-- Task statement --
Each line from the one that has "Skull Full Of Cats Sticker" through the end of the entries below must be written out exactly; leave out all other lines.

-- Provided records --
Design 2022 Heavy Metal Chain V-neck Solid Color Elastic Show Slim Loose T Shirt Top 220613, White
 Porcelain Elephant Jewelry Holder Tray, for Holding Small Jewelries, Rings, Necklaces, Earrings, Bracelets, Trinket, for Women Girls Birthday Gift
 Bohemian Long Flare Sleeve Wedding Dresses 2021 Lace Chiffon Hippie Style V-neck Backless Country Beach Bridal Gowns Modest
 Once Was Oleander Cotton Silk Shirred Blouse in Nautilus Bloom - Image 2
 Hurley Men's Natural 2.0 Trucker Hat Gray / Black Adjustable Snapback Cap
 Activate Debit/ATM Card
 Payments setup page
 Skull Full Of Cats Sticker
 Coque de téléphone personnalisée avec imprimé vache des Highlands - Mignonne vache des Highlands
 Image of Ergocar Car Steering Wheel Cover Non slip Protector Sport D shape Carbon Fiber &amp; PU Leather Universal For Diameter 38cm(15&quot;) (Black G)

-- Exercise result --
 Skull Full Of Cats Sticker
 Coque de téléphone personnalisée avec imprimé vache des Highlands - Mignonne vache des Highlands
 Image of Ergocar Car Steering Wheel Cover Non slip Protector Sport D shape Carbon Fiber &amp; PU Leather Universal For Diameter 38cm(15&quot;) (Black G)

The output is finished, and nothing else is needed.